La isla no era del gusto de Irene. Los árboles demasiado cercanos, demasiado apelotonados. Troncos de un palmo de ancho, no más, separados entre sí por una distancia de un metro, el espacio entre ellos repleto de ramas bajas muertas, finos arcos apuntando al suelo, frágiles, partiéndose a medida que ella pasaba. Ni un solo espacio libre, sin sitio para correr o para contemplar montañas y valles. Si se topaba con un alce, estaría tan cerca que podría tocarlo con la mano. No le haría falta el arco. Enredada en la maraña del ramaje. A cada momento tenía que zafarse de su abrazo. Caminaba a paso vivo, casi corriendo. Era lo que se suponía que tenía que hacer, andar deprisa o correr por la nieve y el bosque. Un paisaje más abierto, quizá, pero eran el mismo frío y la misma nieve. Incontables generaciones antes que ella.
Sujetaba el arco contra su cuerpo para que no se balanceara. La sensación era de euforia. Atenta a cualquier movimiento, escuchando los sonidos del bosque que no fueran los de sus propios pasos y el roce de las ramas. La sangre fluyendo espesa, los latidos resonando en el bosque, una especie de sónar. Nada podía esconderse de ella.

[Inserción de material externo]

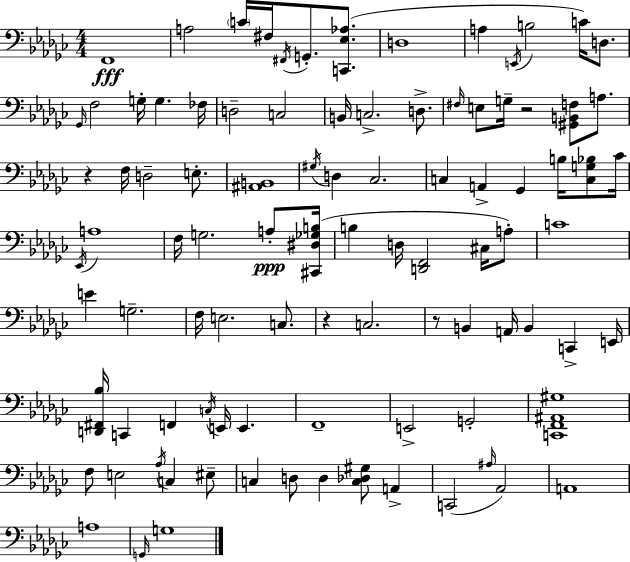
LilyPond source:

{
  \clef bass
  \numericTimeSignature
  \time 4/4
  \key ees \minor
  \repeat volta 2 { f,1\fff | a2 \parenthesize c'16 fis16 \acciaccatura { fis,16 } g,8.-. <c, ees aes>8.( | d1 | a4 \acciaccatura { e,16 } b2 c'16) d8. | \break \grace { ges,16 } f2 g16-. g4. | fes16 d2-- c2 | b,16 c2.-> | d8.-> \grace { fis16 } e8 g16-- r2 <gis, b, f>8 | \break a8. r4 f16 d2-- | e8.-. <ais, b,>1 | \acciaccatura { gis16 } d4 ces2. | c4 a,4-> ges,4 | \break b16 <c g bes>8 ces'16 \acciaccatura { ees,16 } a1 | f16 g2. | a8-.\ppp <cis, dis ges b>16( b4 d16 <d, f,>2 | cis16 a8-.) c'1 | \break e'4 g2.-- | f16 e2. | c8. r4 c2. | r8 b,4 a,16 b,4 | \break c,4-> e,16 <d, fis, bes>16 c,4 f,4 \acciaccatura { c16 } | e,16 e,4. f,1-- | e,2-> g,2-. | <c, f, ais, gis>1 | \break f8 e2 | \acciaccatura { aes16 } c4 eis8-- c4 d8 d4 | <c des gis>8 a,4-> c,2( | \grace { ais16 } aes,2) a,1 | \break a1 | \grace { g,16 } g1 | } \bar "|."
}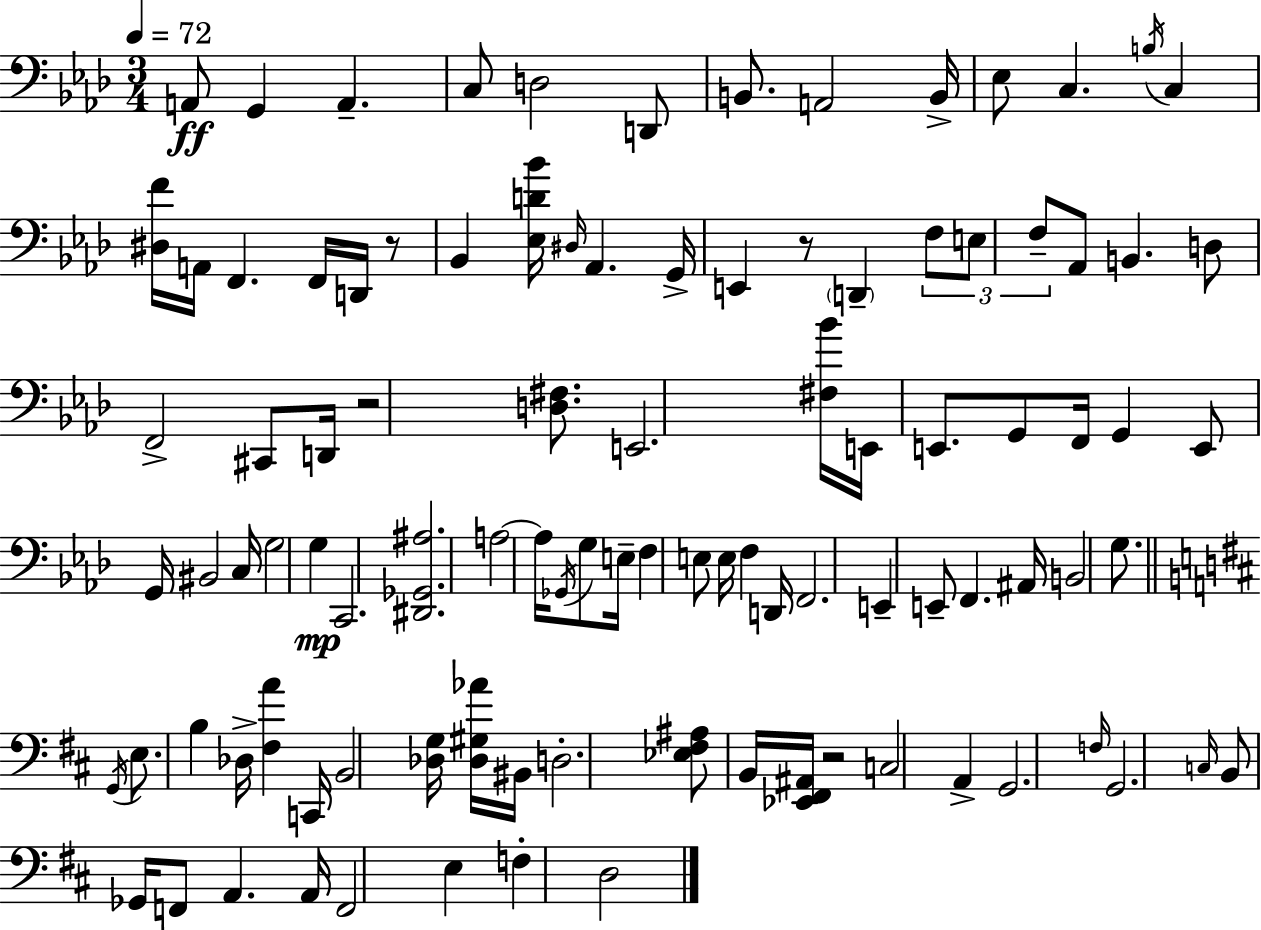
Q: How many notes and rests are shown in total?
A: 100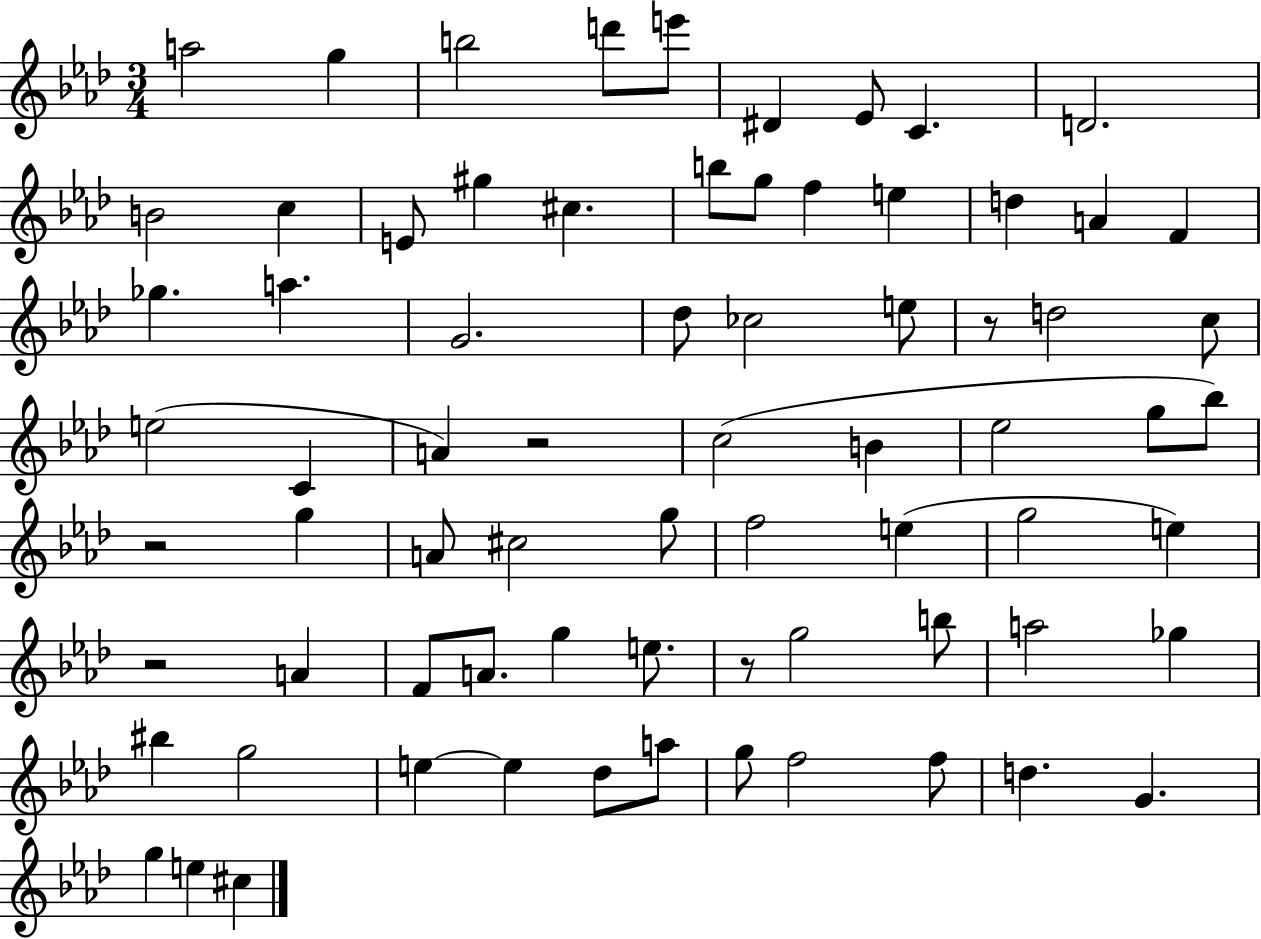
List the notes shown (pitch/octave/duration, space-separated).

A5/h G5/q B5/h D6/e E6/e D#4/q Eb4/e C4/q. D4/h. B4/h C5/q E4/e G#5/q C#5/q. B5/e G5/e F5/q E5/q D5/q A4/q F4/q Gb5/q. A5/q. G4/h. Db5/e CES5/h E5/e R/e D5/h C5/e E5/h C4/q A4/q R/h C5/h B4/q Eb5/h G5/e Bb5/e R/h G5/q A4/e C#5/h G5/e F5/h E5/q G5/h E5/q R/h A4/q F4/e A4/e. G5/q E5/e. R/e G5/h B5/e A5/h Gb5/q BIS5/q G5/h E5/q E5/q Db5/e A5/e G5/e F5/h F5/e D5/q. G4/q. G5/q E5/q C#5/q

Se detuvo en seco, separó los pies, alzó el arco y ajustó una flecha por el culatín. Tiró de la cuerda con fuerza, notó cómo giraban las poleas dando paso al tramo fácil del tensado, pegó la flecha a la mejilla, y siguiendo la línea recta del astil hizo puntería sobre el tronco de un álamo que estaba a unos quince metros. Soltó la flecha, el chasquido consiguiente al salir disparada, y la flecha se empotró en el tronco. Al instante convertida en recuerdo, demasiado veloz como para que su vuelo pudiera asimilarse en tanto que experiencia vivida. Irene corrió hasta el álamo y examinó la flecha incrustada en la carne del árbol, cuatro hendiduras más claras en la corteza oscura, casi invisibles, irradiando del tubo, y si miraba por dichas hendiduras casi alcanzaba a ver el borde posterior de las cuchillas. Imposible recuperar la flecha, de modo que se ajustó el arco y continuó corriendo.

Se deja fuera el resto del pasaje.